» **DIRECTIONS**
Copy word for word, and only, the lines below from the one with "Shower Puff Mesh Sponge - 2pk" through the last.

= = = = =

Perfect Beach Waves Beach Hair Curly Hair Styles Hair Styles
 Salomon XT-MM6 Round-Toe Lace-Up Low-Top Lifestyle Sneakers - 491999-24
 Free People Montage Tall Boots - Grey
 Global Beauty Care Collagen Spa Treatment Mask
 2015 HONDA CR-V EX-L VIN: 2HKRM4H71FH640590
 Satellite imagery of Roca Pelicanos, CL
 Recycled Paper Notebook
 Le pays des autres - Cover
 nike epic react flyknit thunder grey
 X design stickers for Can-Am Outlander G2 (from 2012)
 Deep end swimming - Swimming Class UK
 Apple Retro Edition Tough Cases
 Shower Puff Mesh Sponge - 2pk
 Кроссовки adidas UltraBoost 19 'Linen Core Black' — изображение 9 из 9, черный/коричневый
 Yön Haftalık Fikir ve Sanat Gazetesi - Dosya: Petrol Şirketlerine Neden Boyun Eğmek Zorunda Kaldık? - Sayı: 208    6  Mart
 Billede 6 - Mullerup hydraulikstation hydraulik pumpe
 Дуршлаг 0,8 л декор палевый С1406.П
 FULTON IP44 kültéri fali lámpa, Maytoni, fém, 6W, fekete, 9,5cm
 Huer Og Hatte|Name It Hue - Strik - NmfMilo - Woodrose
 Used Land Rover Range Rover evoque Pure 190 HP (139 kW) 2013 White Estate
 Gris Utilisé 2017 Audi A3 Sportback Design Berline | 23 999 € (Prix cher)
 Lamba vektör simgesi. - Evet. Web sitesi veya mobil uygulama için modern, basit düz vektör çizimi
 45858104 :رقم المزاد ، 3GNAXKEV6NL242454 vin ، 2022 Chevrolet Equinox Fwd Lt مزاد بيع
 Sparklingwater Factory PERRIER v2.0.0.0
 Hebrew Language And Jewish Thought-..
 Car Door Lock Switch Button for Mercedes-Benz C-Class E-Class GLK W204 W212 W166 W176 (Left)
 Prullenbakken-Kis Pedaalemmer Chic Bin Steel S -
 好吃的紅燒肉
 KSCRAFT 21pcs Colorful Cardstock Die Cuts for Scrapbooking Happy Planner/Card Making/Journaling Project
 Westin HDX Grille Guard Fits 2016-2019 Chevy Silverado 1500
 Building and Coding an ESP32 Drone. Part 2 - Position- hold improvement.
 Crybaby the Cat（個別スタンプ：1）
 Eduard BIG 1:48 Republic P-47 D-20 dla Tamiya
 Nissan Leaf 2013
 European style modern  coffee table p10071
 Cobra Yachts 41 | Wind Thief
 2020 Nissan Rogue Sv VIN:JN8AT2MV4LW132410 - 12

= = = = =

» **SOLUTION TO THIS TASK**
 Shower Puff Mesh Sponge - 2pk
 Кроссовки adidas UltraBoost 19 'Linen Core Black' — изображение 9 из 9, черный/коричневый
 Yön Haftalık Fikir ve Sanat Gazetesi - Dosya: Petrol Şirketlerine Neden Boyun Eğmek Zorunda Kaldık? - Sayı: 208    6  Mart
 Billede 6 - Mullerup hydraulikstation hydraulik pumpe
 Дуршлаг 0,8 л декор палевый С1406.П
 FULTON IP44 kültéri fali lámpa, Maytoni, fém, 6W, fekete, 9,5cm
 Huer Og Hatte|Name It Hue - Strik - NmfMilo - Woodrose
 Used Land Rover Range Rover evoque Pure 190 HP (139 kW) 2013 White Estate
 Gris Utilisé 2017 Audi A3 Sportback Design Berline | 23 999 € (Prix cher)
 Lamba vektör simgesi. - Evet. Web sitesi veya mobil uygulama için modern, basit düz vektör çizimi
 45858104 :رقم المزاد ، 3GNAXKEV6NL242454 vin ، 2022 Chevrolet Equinox Fwd Lt مزاد بيع
 Sparklingwater Factory PERRIER v2.0.0.0
 Hebrew Language And Jewish Thought-..
 Car Door Lock Switch Button for Mercedes-Benz C-Class E-Class GLK W204 W212 W166 W176 (Left)
 Prullenbakken-Kis Pedaalemmer Chic Bin Steel S -
 好吃的紅燒肉
 KSCRAFT 21pcs Colorful Cardstock Die Cuts for Scrapbooking Happy Planner/Card Making/Journaling Project
 Westin HDX Grille Guard Fits 2016-2019 Chevy Silverado 1500
 Building and Coding an ESP32 Drone. Part 2 - Position- hold improvement.
 Crybaby the Cat（個別スタンプ：1）
 Eduard BIG 1:48 Republic P-47 D-20 dla Tamiya
 Nissan Leaf 2013
 European style modern  coffee table p10071
 Cobra Yachts 41 | Wind Thief
 2020 Nissan Rogue Sv VIN:JN8AT2MV4LW132410 - 12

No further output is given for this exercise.